Cela concerne tous ceux qui se considèrent comme religieux. L’objectif n’est pas de créer une confrontation, mais de réconcilier les gens. La société civile est fortement divisée, en Ukraine, et les schismes entre Églises ne font qu’approfondir cette division au sein de la société.

  • Croyez-vous que le pape pourrait venir à Moscou en 2019, ou à une autre date prochaine ?

Cette question sera résolue dans le cadre de discussions bilatérales entre l’Église catholique romaine et le Patriarcat de Moscou.

  • Mais quand ?

Je ne peux pas vous le dire.

  • Pourquoi tant de mystères ?

Parce que les relations entre l’Église orthodoxe et l’Église catholique se sont développées pendant près de mille ans dans un contexte suffisamment compliqué. Nous surmontons peu à peu ces difficultés, mais elles ne sont pas encore totalement surmontées. Les orthodoxes sont très prévenus contre les catholiques, et nous ne pouvons absolument pas risquer l’unité de nos Église et la paix dans nos Églises. C’est pourquoi nous devons avancer à la vitesse que le peuple chrétien peut accepter. Voici un exemple. Lorsque le patriarche Athénagore a rencontré le pape Paul VI et qu’ils ont levés les anathèmes, presque tous les monastères du Mont Athos ont cessé de commémorer le patriarche de Constantinople. Nous ne pouvons pas créer une situation semblable, il faut avancer progressivement et tranquillement, pour ne pas scandaliser nos fidèles.

  • La question suivante concerne les Églises chrétiennes en Europe. A votre avis, des difficultés peuvent-elles survenir dans un proche avenir à cause d’influences extérieures sur l’Église catholique, sur l’Église orthodoxe ?

Toutes les Églises chrétiennes d’Europe font aujourd’hui face aux mêmes défis. C’est, avant tout, le défi de l’idéologie de la laïcité, qui empiète activement sur les valeurs chrétiennes. On fait la propagande d’un mode de vie qui, dans bien des cas, est incompatible avec la morale chrétienne, et les Églises chrétiennes doivent faire preuve de courage pour lutter contre ces tendances et prêcher la doctrine qu’ont laissée le Christ et Ses apôtres.

  • Pensez-vous que les Églises chrétiennes soient menacées ?

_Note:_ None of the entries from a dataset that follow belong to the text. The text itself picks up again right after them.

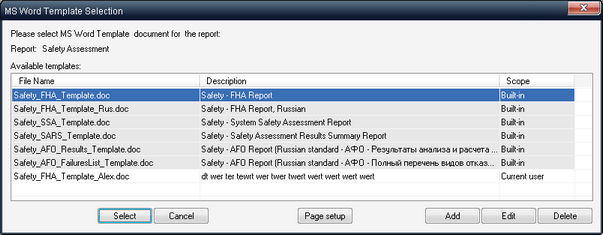 ReportTemplatesList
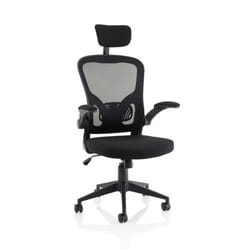 Dynamic Ace Executive Mesh Back Office Chair With Folding Arms Fabric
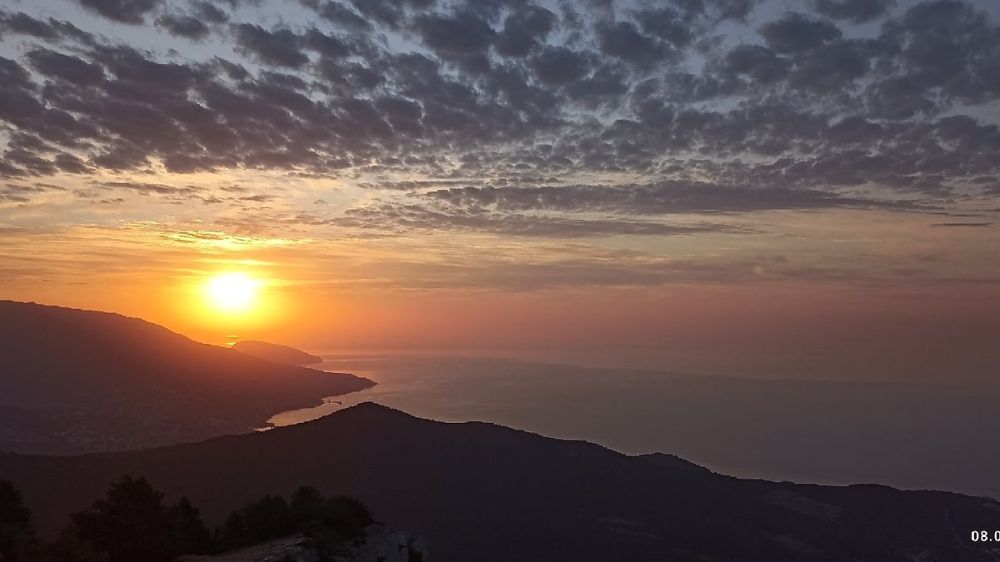 Закат на ай Петри Крым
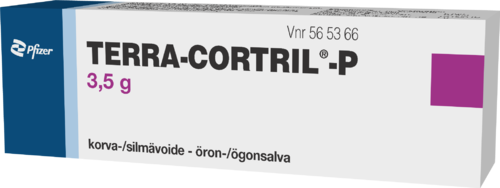 TERRA-CORTRIL-P 5 mg/g+10 mg/g+10 000 IU/g korva-/silmävoide 1 x 3,5 g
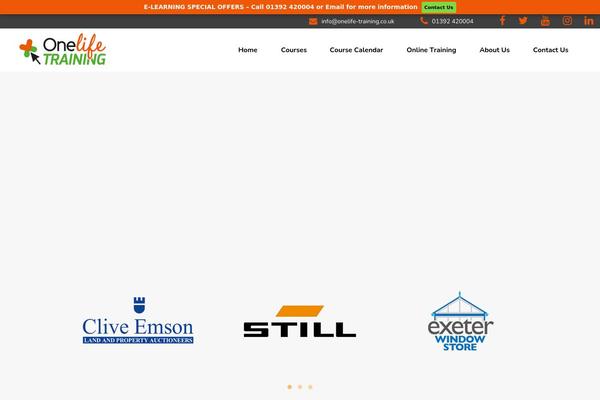Site using Qode-lms plugin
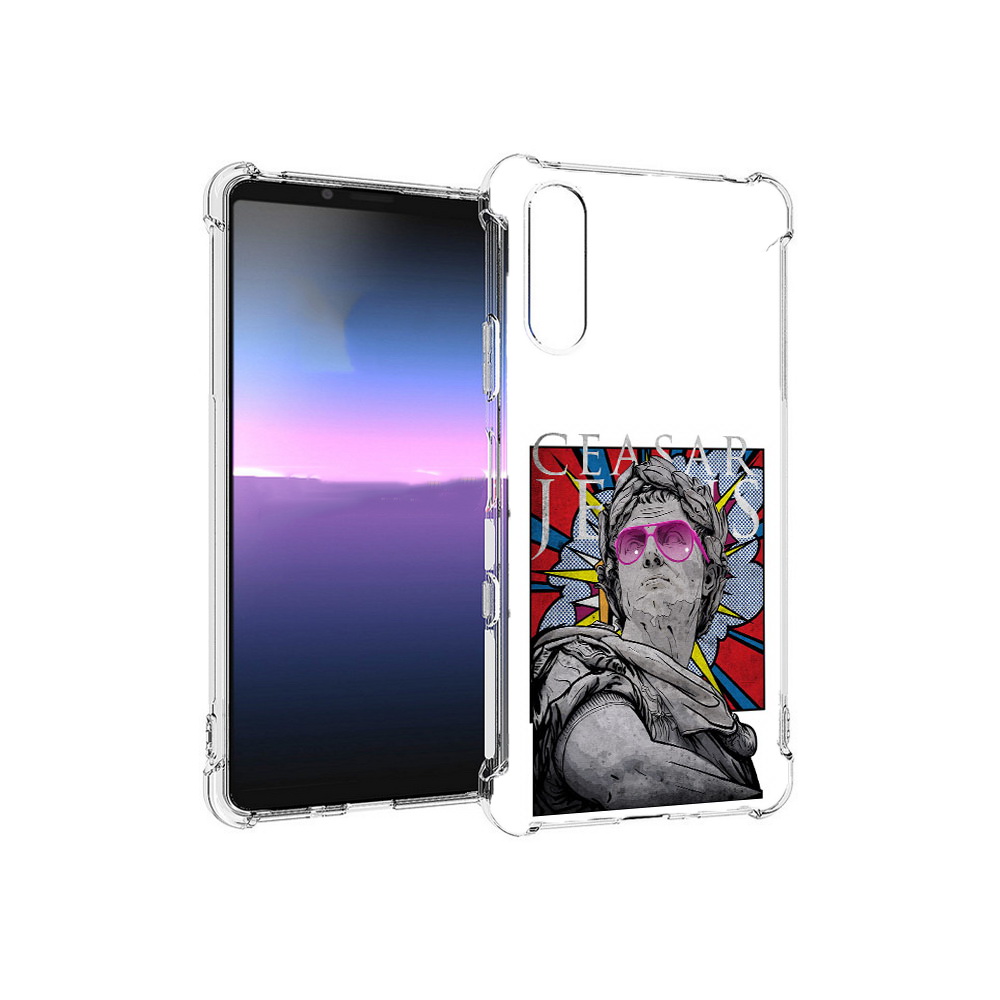 

Чехол MyPads Tocco для Sony Xperia 10 III крутая статуя свободы (PT161504.223.423), Прозрачный, Tocco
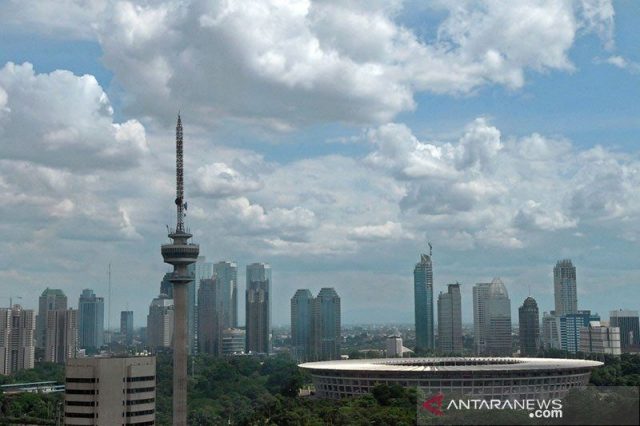 Cuaca kebanyakan kota besar diprakirakan cerah berawan atau berawan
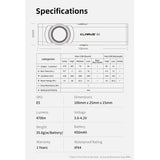 Klarus E5 USB-C Rechargeable EDC LED Flashlight - 470 or 600 Lumens - Uses Built-in 450mAh Li-ion Battery Pack - Multiple Color Options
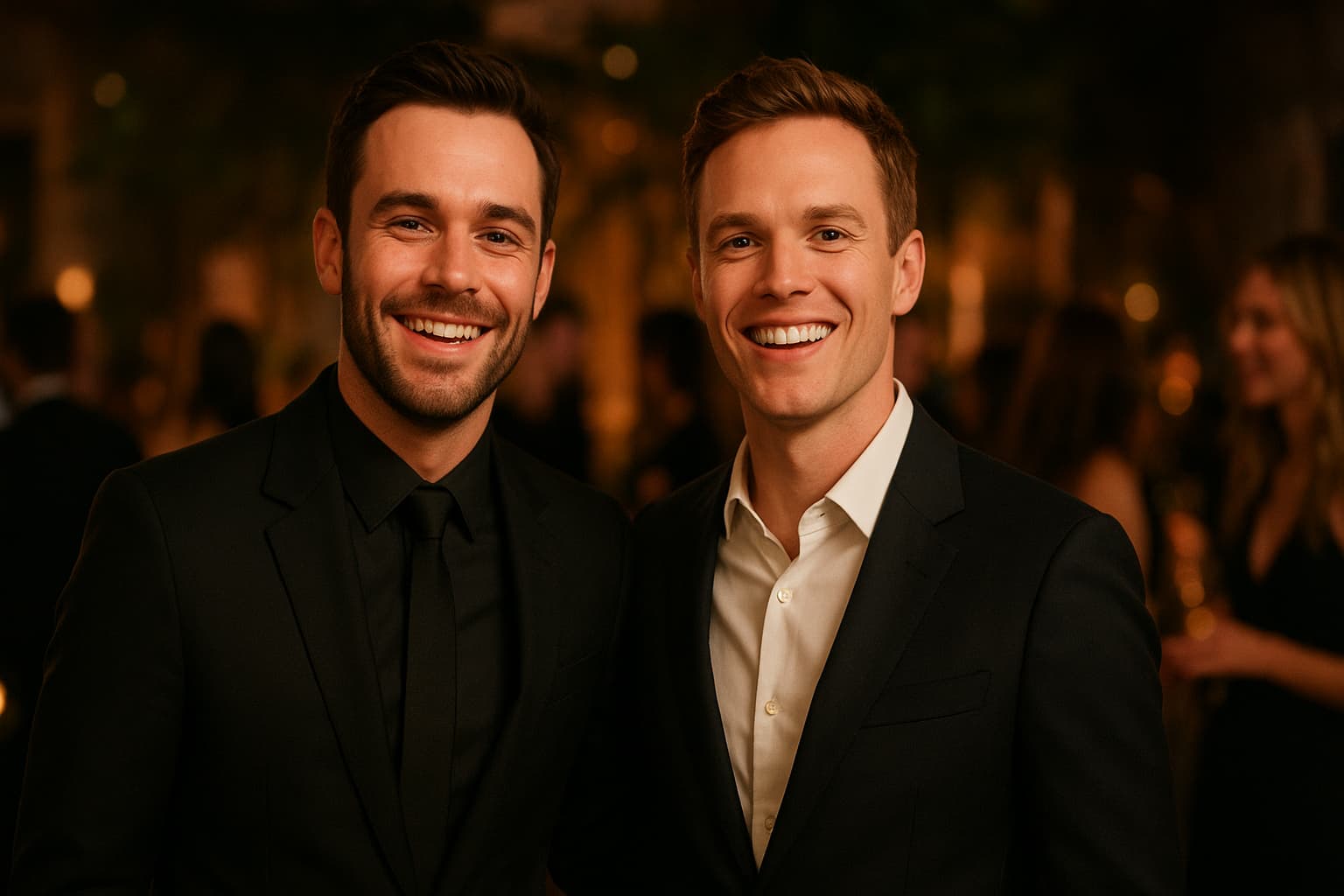 Stars Aligned: Connor Storrie and Hudson Williams Steal the Spotlight at Pre-Oscars Bash!
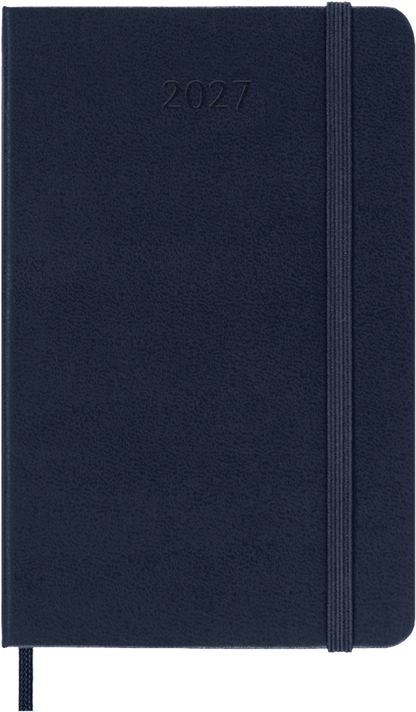 Agenda 2027 - Diaria - T. Dura - Pocket - Azul zafiro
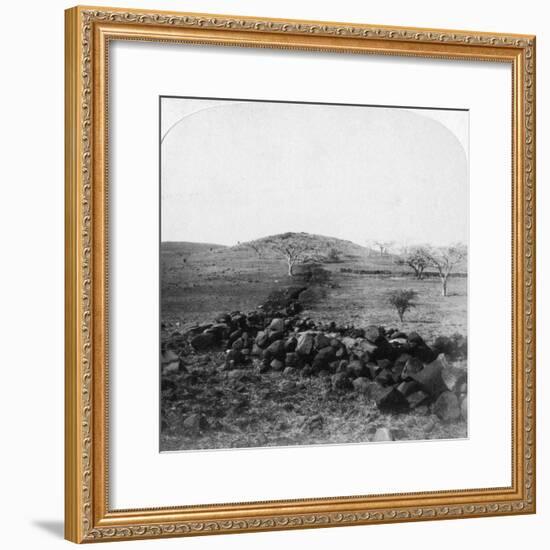 Boer Trenches and Crest of Hart's Hill, Scene of the Irish Brigade's Famous Charge, Colenso, 1901-Underwood & Underwood-Framed Giclee Print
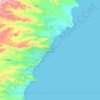 Mapa topográfico Comodoro Rivadavia, altitud, relieve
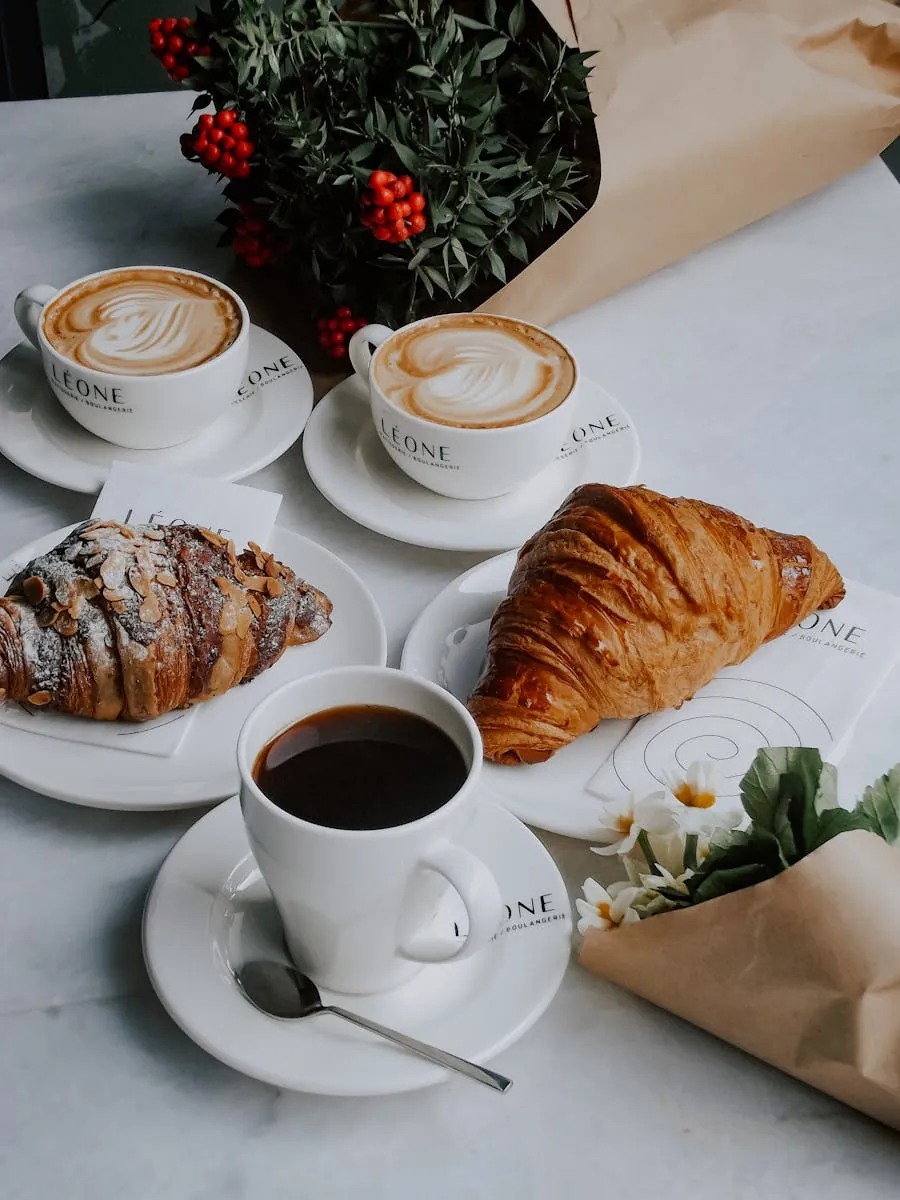 Coffees and Croissants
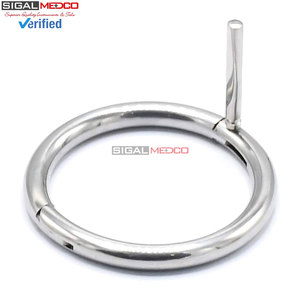 Anneau nasal pour bovins en acier inoxydable, accessoire d'élevage, antirouille, surface lisse sans bavures, sûr - Product Image 6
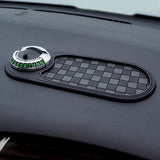 Maxbell Multifunction Car Anti Slip Mat Automotive PVC Nonslip Pad Auto Phone Holder Gray Grid Argent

Je dis que les Églises chrétiennes font face à des défis communs, et que l’un de ces défis est l’idéologie de la laïcité. Mais il nous faut trouver un langage adapté, il ne suffit pas de dire : « c’est interdit, c’est défendu, il ne faut pas », mais expliquer pourquoi l’Église enseigne ainsi et pas autrement. Cela exige un immense travail missionnaire, ainsi que beaucoup de courage, d’être prêt à aller à contre-courant.